----- RECORDS TO USE -----

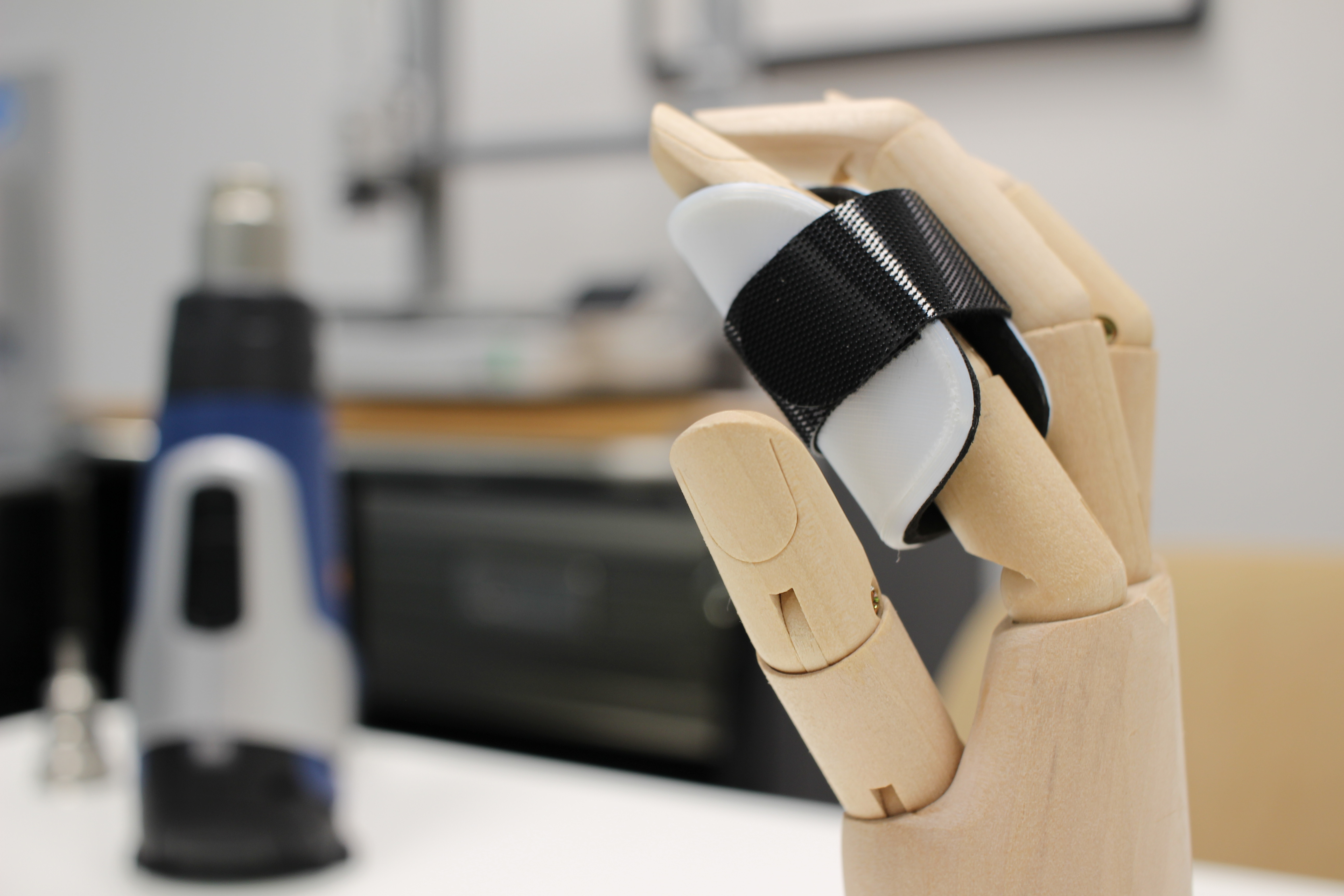 Schiene an einer Holzhand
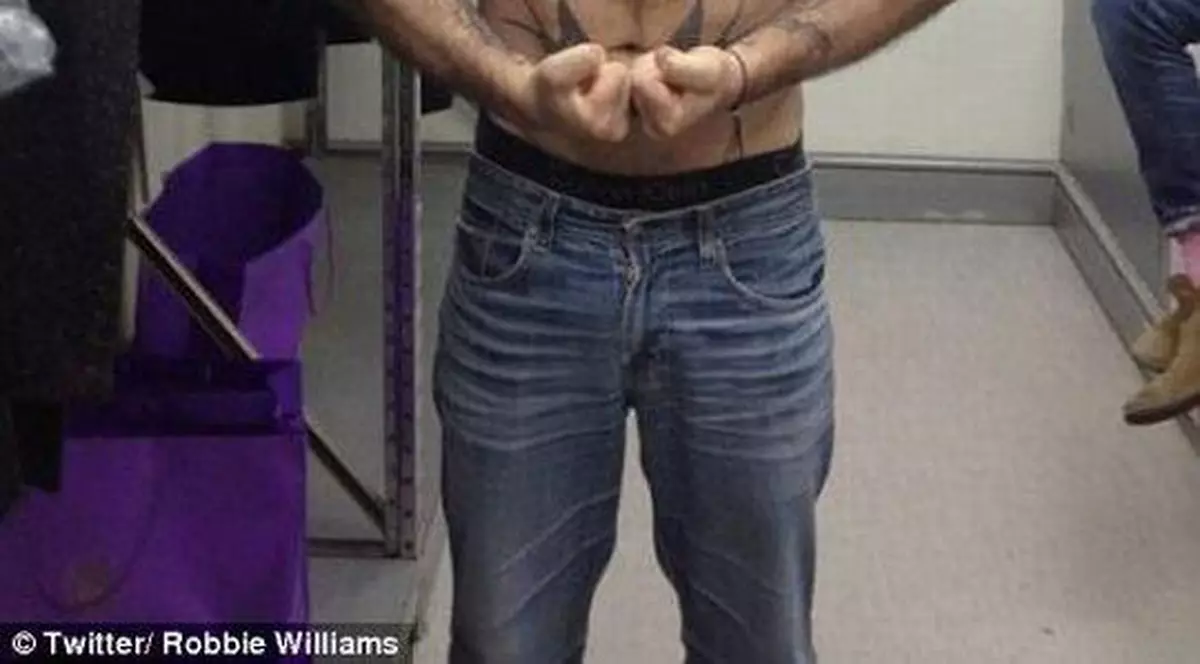 Ai idee cine e vedeta care îşi încordează muşchii?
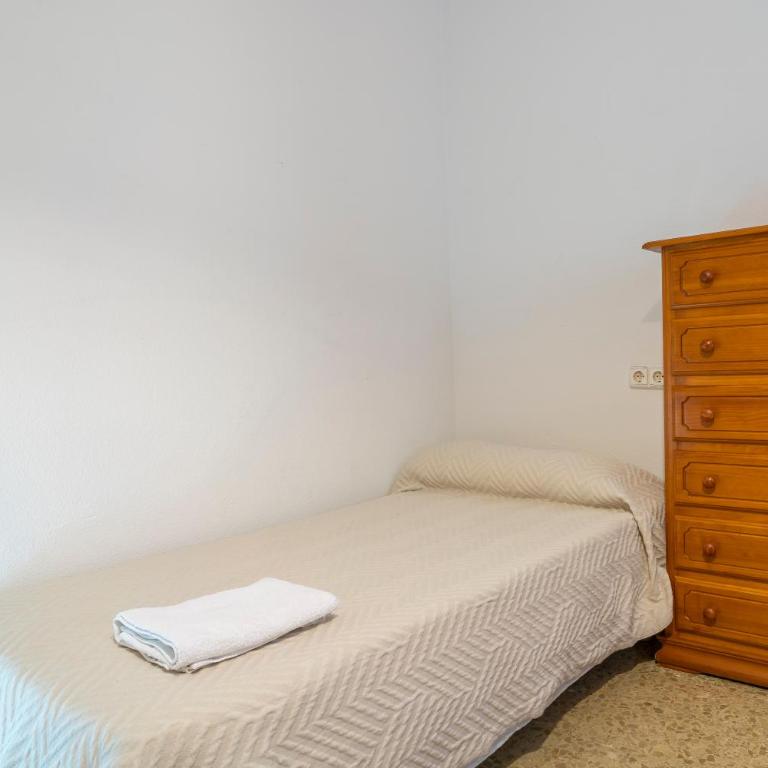 Amplio piso con 4 habitaciones para disfrutar de Málaga con parking gratuito - Apartment - 46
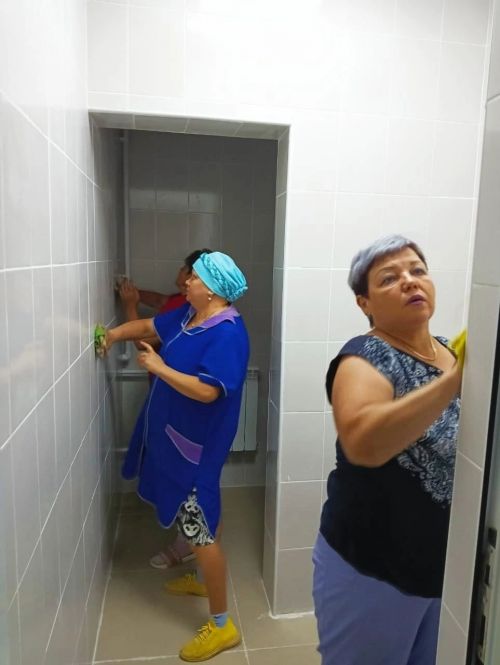 В Уруссинской поликлинике перед открытием дверей принимаются последние подготовительные мероприятия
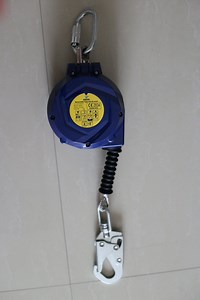 [Hot Item] Industrial Height Safety Fall Protection Equipment Self-Retracting Fall Arrester Retractable Lifeline with 5mm Stainless Steel Cable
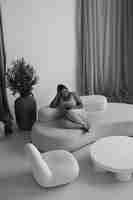 Foto gratuita mujer de tiro lejano con tableta en el sofá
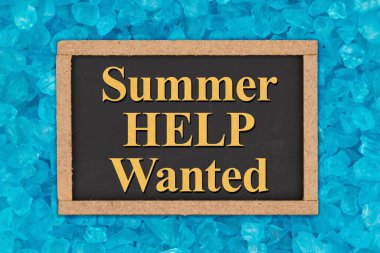 Summer Help plaj camındaki grunge yazı tahtasına kelime mesajı istedi.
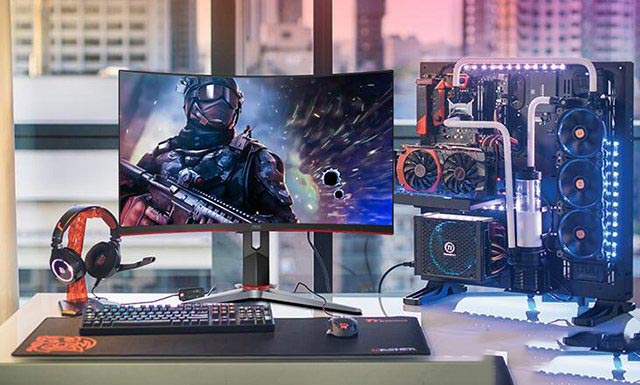对于游戏玩家 4k跟2k显示器需要什么配置的主机才能带得动?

-----

From the data above, return exactly the lines from the one with "Amplio piso con" up to and including the one with "В Уруссинской поликлинике". Pictures do not go in the copy.

 Amplio piso con 4 habitaciones para disfrutar de Málaga con parking gratuito - Apartment - 46
 В Уруссинской поликлинике перед открытием дверей принимаются последние подготовительные мероприятия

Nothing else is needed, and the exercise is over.